Anyone familiar with Austin will recognize the city’s main drag in the name. Inspired by Austin’s coffee houses, the new stall will serve coffee from City of Saints, breakfast tacos, and doughnuts from Du’s Donuts, as well as ice cream from Van Leeuwen. “We knew we wanted to have a great coffee program, and we wanted to do breakfast tacos — that is just a quintessentially Austin thing,” Marc said.

Nickie’s

This new stall serves what Marc calls “Mex-Tex” — with a menu of tamales, tacos and nachos alongside burgers and loaded hot dogs. “It’s our spin on a taco and burger stand,” Marc said.
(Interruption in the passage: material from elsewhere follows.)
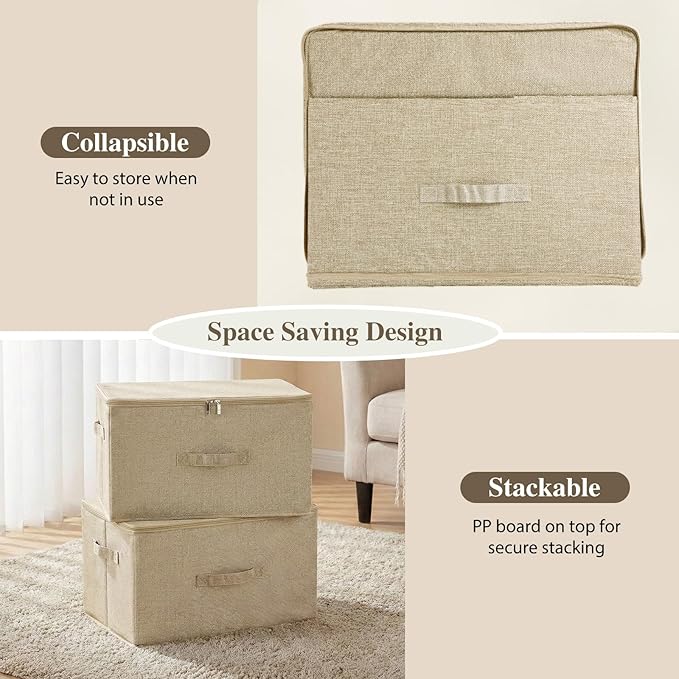 ANMINY Storage Bins with Zipper Lids 13 Qt Lidded Fabric Storage Boxes Baskets Cubes with Handles Collapsible Washable Cotton Linen Closet Shelf Clothes Organizer Containers - Beige, Small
Beverages include margaritas.

Austino’s

Another new concept for Hill Country is this pizza stall. “We’re doing a mashup between pizza along with some of the things we’re known for — using smoked meats as toppings,” Marc said. “It’s a rectangular pie, and we got some really fun and innovative toppings and pizzas that we’re doing there.” Pies include El Original, with brisket, mozzarella, green onion, pickle and jalapeño, and the Skye Pie, with Kreuz Market sausage, cipollini onion, roasted red peppers, mozzarella and red sauce.

Bluebonnets

This new stall — whose name is an ode to Texas’ state flower — will offer up some vegetarian options, from salads to sandwiches, alongside other farm-to-table fare. “We knew we wanted to do something driven by fresh local produce,” Marc said. “That’s going to be our lighter fare in the Food Park.”

Hill Country Chicken

This outpost will feature the “greatest hits of our Hill Country Chicken menu” in Manhattan, Marc said. That means chicken tenders, chicken and waffles and a variety of chicken sandwiches.

Hill Country Barbecue Market

Rounding out the offerings is a barbecue  outpost, serving the restaurant’s signature smoked brisket, Marc said, alongside baby back ribs, Kreuz Market sausages, house-smoked chicken wings, and more.